The last couple of months I have been focusing on learning to develop and use the Metasploit framework. As probably most of the readers know by now, the Metasploit framework is an excellent tool to develop and maintain your exploits mostly because most of the tools are already there and you don't have to reinvent the wheel. On the other hand, if you want to use it for the development, it is important to learn its internals.
Setting up the debugging environment
Figure 1: Debug screen in VS CodeThis post focusses on debugging the Metasploit console process within the VS Code, which is my IDE of choice for both Windows and Linux development, but the approach can be used with other IDEs and on the other Ruby applications as well. While it is easy to do some simple debugging with printing the status messages to the screen, there are times when Metasploit core calls fail and the developer is not sure why that is happening. In this case, it is much better to directly jump into the debugging instead of even considering littering the core code with the output statements.
The problem with VS Code debugging is it has its integrated console, which is usually not suitable for more UI-intensive console applications like Metasploit CLI. The approach to take here is to connect to a remote debugging process. Although this sounds really involved, it encompasses three easy steps.
- Install Ruby tools for VS Code. This will give you the ability to set the breakpoints directly in VS Code UI and to use all its other available debugging tools. Just make sure to properly set up the debugging parameters, especially the executable file name.
- Run the process you want to debug and allow it to be attached to. It is as easy as opening the console and using the following command:
rdebug-ide --host 127.0.0.1 --port 1234 -- /usr/bin/msfconsole. The executable won't start immediately, but will instead wait for the debugger client to attach. You can use loopback address 127.0.0.1 for local debugging. The default listening port is 1234.

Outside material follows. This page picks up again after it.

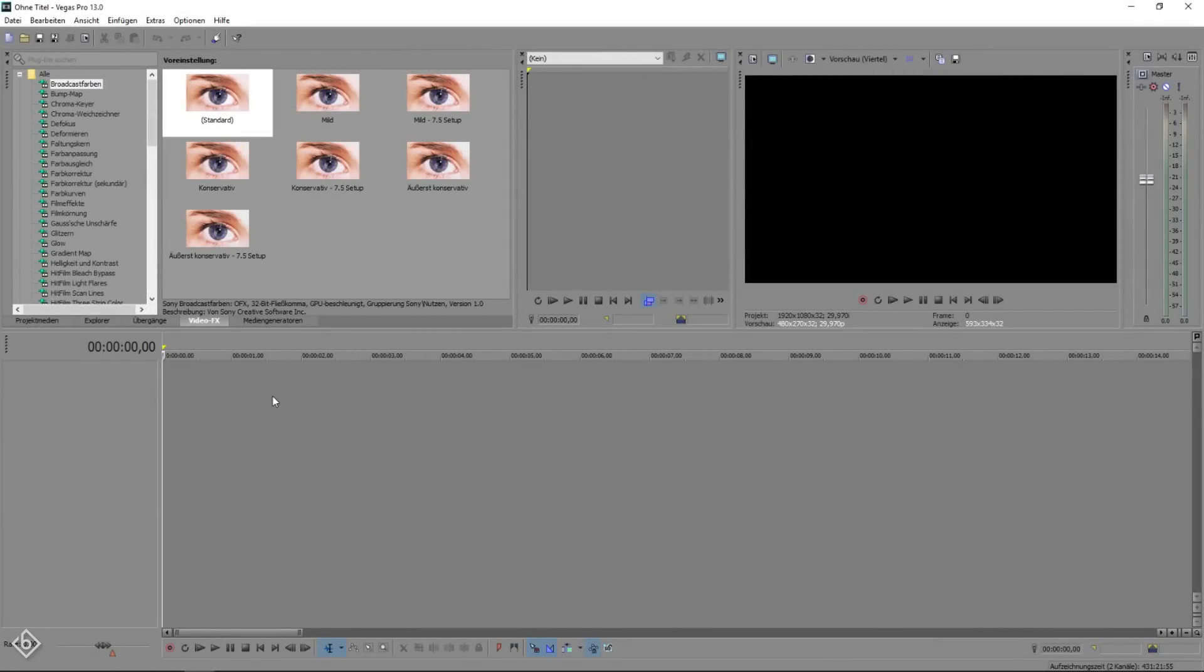Hello everyone and welcome back to The Letter is B. My name is Bobby and today I'm going to show you how to create a smooth roll transition in Sony Vegas.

- In VS Code, select the "Listen for rdebug-ide" debug option to attach to the debugging server. To do this, click on the debugger icon on the left sidebar and then select the option from the drop-down to the right of the "Run" green arrow button. You can set up any custom settings by pressing on the "Cog" options button. You can follow the advanced steps described here if you have additional needs.
Figure 2: Ruby debugger server running a Metasploit instanceThe only thing that's left is to set up the breakpoints in the VS Code window and run the debugger. After the debugging is started, the terminal window where the debugging server was started will start showing the debugged program's UI changes. After some time the breakpoints will get hit and you can continue debugging at will.
This approach to debugging Metasploit (or any other Ruby program for that matter) is much more versatile than printing the debugging messages from the module to the console as you can usually step into the Metasploit's core methods and see exactly what is going on under the hood. You also avoid having to restart the Metasploit application in the case when debugging MSF Core calls with console output messages (an approach that novice people usually take I would never recommend).